Task objective ->
Restate the data below word for word. Skip any images it contains.

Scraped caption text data
--- START ---

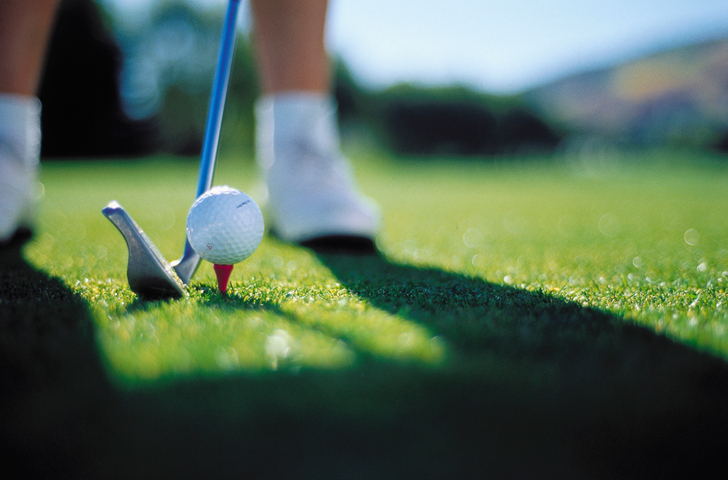 Golfer Teeing Off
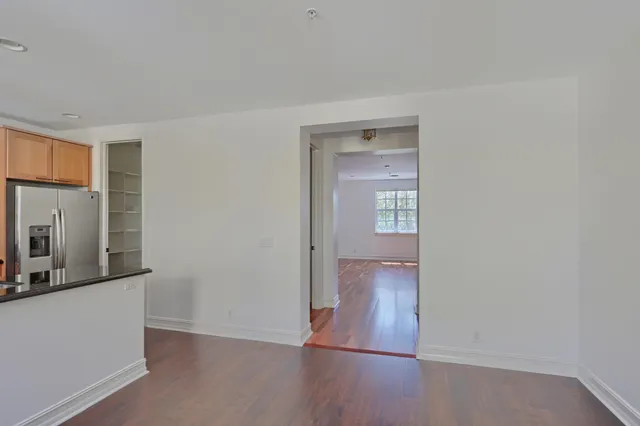 a kitchen with stainless steel appliances granite countertop a stove and a refrigerator
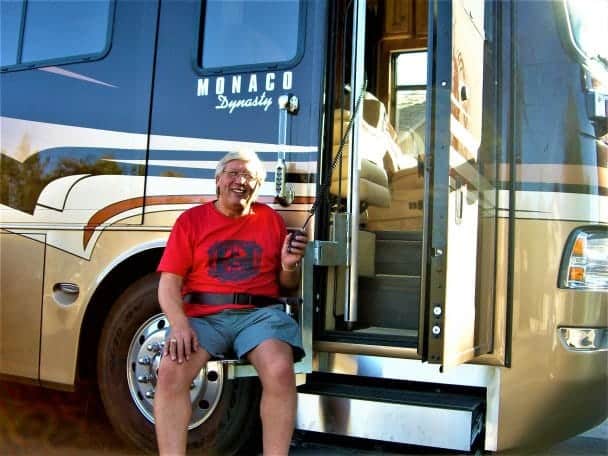 Rider seated on the lift chair holding the pendant control at a Monaco Dynasty motorhome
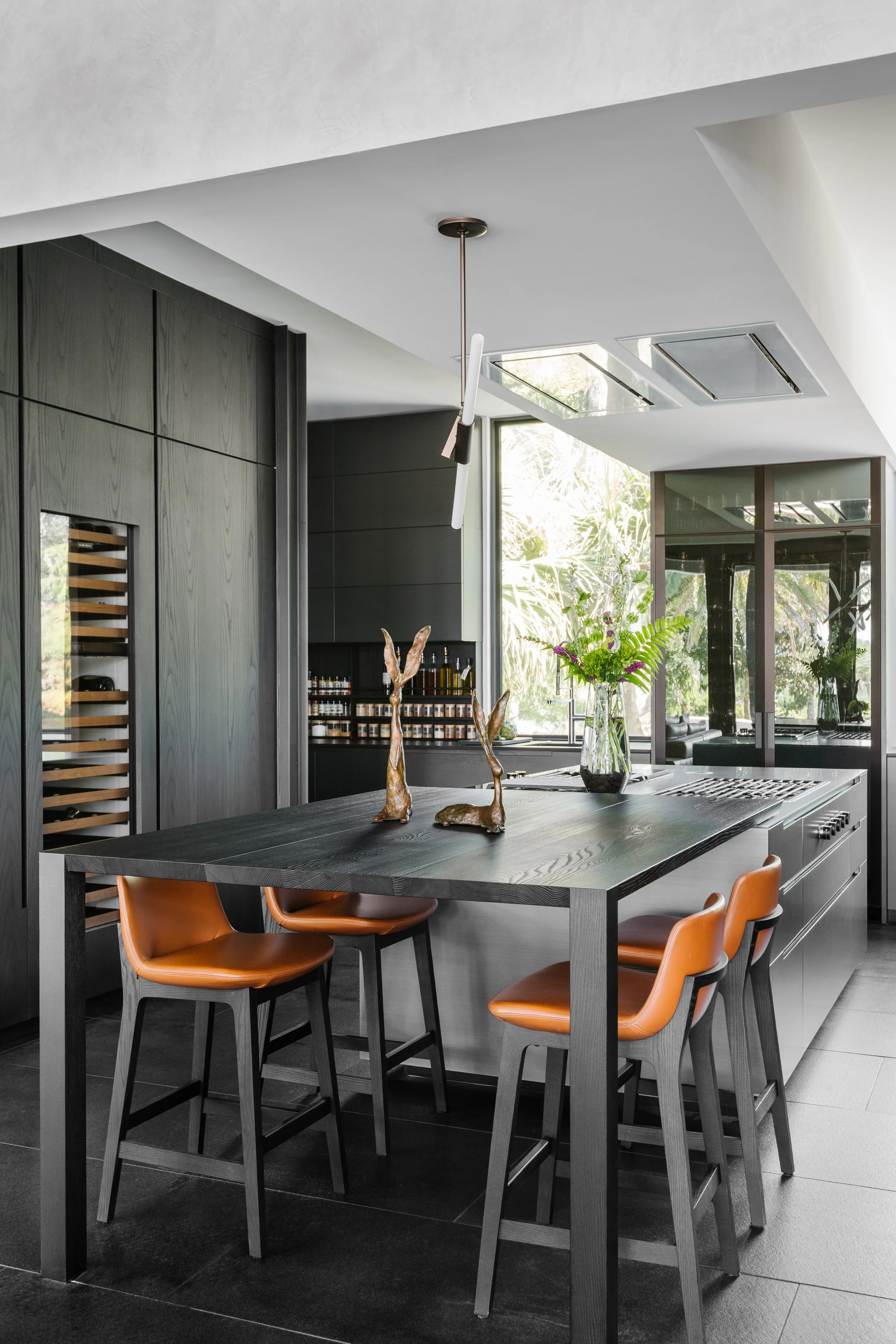 Modern kitchen with black wood cabinets, a black dining table, orange leather chairs, a glass vase with flowers, and a large window with plants outside.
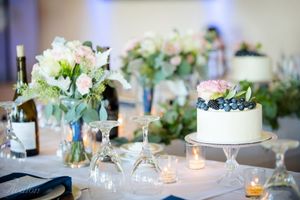Elegant wedding reception table with floral centerpieces, candles and a white wedding cake.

--- END ---

Response to this task ->
 Golfer Teeing Off
 a kitchen with stainless steel appliances granite countertop a stove and a refrigerator
 Rider seated on the lift chair holding the pendant control at a Monaco Dynasty motorhome
 Modern kitchen with black wood cabinets, a black dining table, orange leather chairs, a glass vase with flowers, and a large window with plants outside.
Elegant wedding reception table with floral centerpieces, candles and a white wedding cake.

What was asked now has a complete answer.